Em relação ao de impacto social, os trabalhadores que hoje se aposentam por idade só conseguem contribuir, em média, com 5,1 parcelas por ano, em função do elevado desemprego, informalidade e baixos salários. Assim, ao elevar tal tempo de contribuição para 20 anos (240 parcelas de contribuição), o governo obriga os trabalhadores a continuarem no mercado, em média, por mais 11,8 anos para alcançar os 5 anos adicionais de contribuição exigidos pela PEC (60 parcelas de contribuição). Homens que completam 65 anos de idade tendo 15 anos de contribuição, com a reforma, terão que continuar trabalhando até alcançar, em média, a idade de 76,8 anos. Ou seja, muitos dos que conseguem se aposentar pela regra atual não mais conseguirão o benefício da aposentadoria. Os dados da simulação revelaram também que, dos homens que se aposentam por idade em 2016, 56,6% não teriam conseguido se aposentar com as regras da PEC 6/2019 (por insuficiência do tempo de contribuição), enquanto que, para as mulheres, o percentual alcança 98,69%.

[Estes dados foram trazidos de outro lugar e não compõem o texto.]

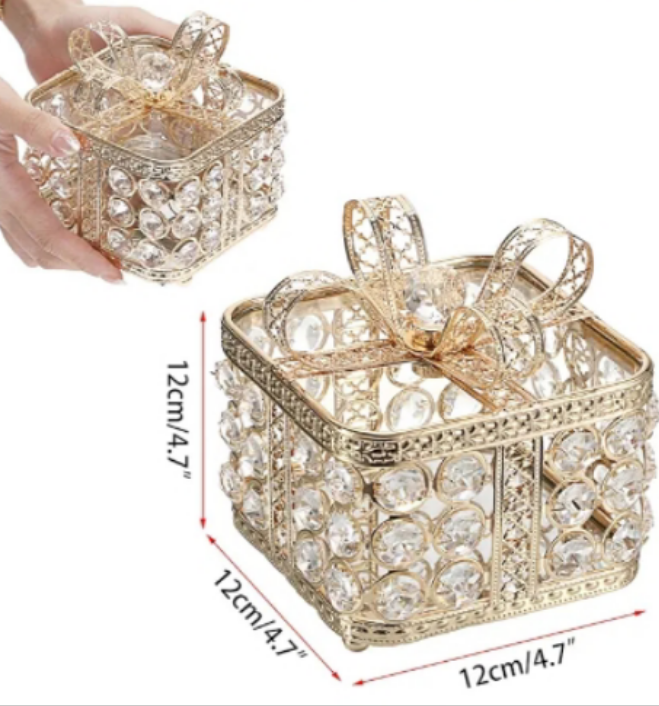 Crystal Jewelry Box Trinket Organizer with Glass Lid Mirrored Treasure Chest Box Decorative Jewelry Storage Box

A mesma leitura é aplicada para os aposentados rurais e professores, em que os percentuais de exclusão sobem com as regras da PEC são de 56,60% (homens), 98,45% (mulheres) no caso dos rurais e de 90,44% (homens) e 97,96% (mulheres) para os professores, caso a PEC estivesse em vigor em 2016.
Para as regiões Norte e Nordeste, que possuem expectativa de vida para o homem de 69,43 anos e de 69,77 anos para as mulheres tem-se um total desequilíbrio entre a reforma proposta e a realidade de vida destes trabalhadores.
Para o caso das mulheres, o substitutivo do relator, Deputado Samuel Moreira, manteve a elevação da idade mínima de aposentadoria para 62 anos, porém, reduziu o tempo de contribuição, revertendo para os mesmos 15 anos da regra atual. Mesmo assim, ainda se observa que as mulheres serão mais atingidas que os homens, visto que para as mulheres que se aposentam por idade na regra atual, a proporção de aposentadorias postergadas é de 74,82%.
(*) Doutora em Economia. É professora do Instituto de Economia da Universidade Federal do Rio de Janeiro (UFRJ). Pesquisadora na área de macroeconomia, com concentração em política fiscal, seguridade social e desenvolvimento econômico.